On December 18, 2018, Yanda was named to his seventh Pro Bowl after missing out last year, due to his injury. He was also named second-team All-Pro for the fourth time in his career after starting all 16 games.

On April 11, 2019, Yanda signed a one-year contract extension with the Ravens through the 2020 season.
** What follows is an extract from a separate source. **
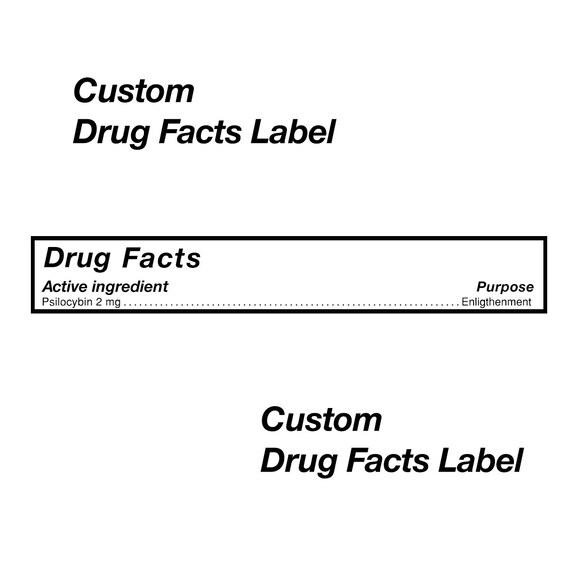 Custom Drug Facts Label Etsy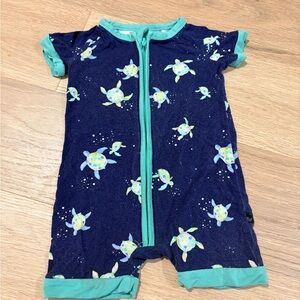 Bamboo Navy Blue Turtle Print Kids One Piece PJs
On March 10, 2020, Yanda announced his retirement from the NFL after 13 seasons.

Pre-draft measurables
| Height | Weight | 40-yard dash | 10-yard split | 20-yard split | 20-yard shuttle | Three-cone drill | Vertical jump | Broad jump | Bench press |
| 6 ft 3+7⁄8 in (1.93 m) | 307 lb (139 kg) | 5.15 s | 1.69 s | 2.88 s | 4.58 s | 7.36 s | 27 in (0.69 m) | 8 ft 5 in (2.57 m) | 23 reps |
Measurables from NFL Combine/Drills from Pro Day

===Regular season===

Legend
|  | Won the Super Bowl |
| Bold | Career high |

| Year | Team | Games |  | Offense |  |  |  |  |  |  |
| GP | GS | Snaps | Holding | False Start | Decl/Pen | Acpt/Pen |
| 2007 | BAL | 16 | 12 | 844 | 2 | 3 | 1 | 5 |
| 2008 | BAL | 5 | 5 | 339 | 0 | 1 | 1 | 1 |
| 2009 | BAL | 16 | 9 | 585 | 2 | 1 | 0 | 4 |
| 2010 | BAL | 16 | 16 | 1,055 | 0 | 4 | 2 | 4 |
| 2011 | BAL | 16 | 16 | 1,039 | 0 | 2 | 0 | 3 |
| 2012 | BAL | 14 | 14 | 912 | 3 | 3 | 1 | 6 |
| 2013 | BAL | 16 | 16 | 1,136 | 1 | 5 | 0 | 7 |
| 2014 | BAL | 16 | 16 | 1,062 | 0 | 4 | 1 | 4 |
| 2015 | BAL | 16 | 16 | 1,132 | 0 | 2 | 1 | 3 |
| 2016 | BAL | 13 | 13 | 898 | 2 | 1 | 0 | 3 |
| 2017 | BAL | 2 | 2 | 102 | 0 | 0 | 0 | 0 |
| 2018 | BAL | 16 | 16 | 1,163 | 1 | 1 | 1 | 2 |
| 2019 | BAL | 15 | 15 | 969 | 0 | 1 | 0 | 1 |
| Career |  | 177 | 166 | 11,236 | 11 | 28 | 7 | 43 |

==Personal life==
Yanda married Shannon Hunt Yanda in 2011. They have three children and spend the NFL offseason in Marion, Iowa.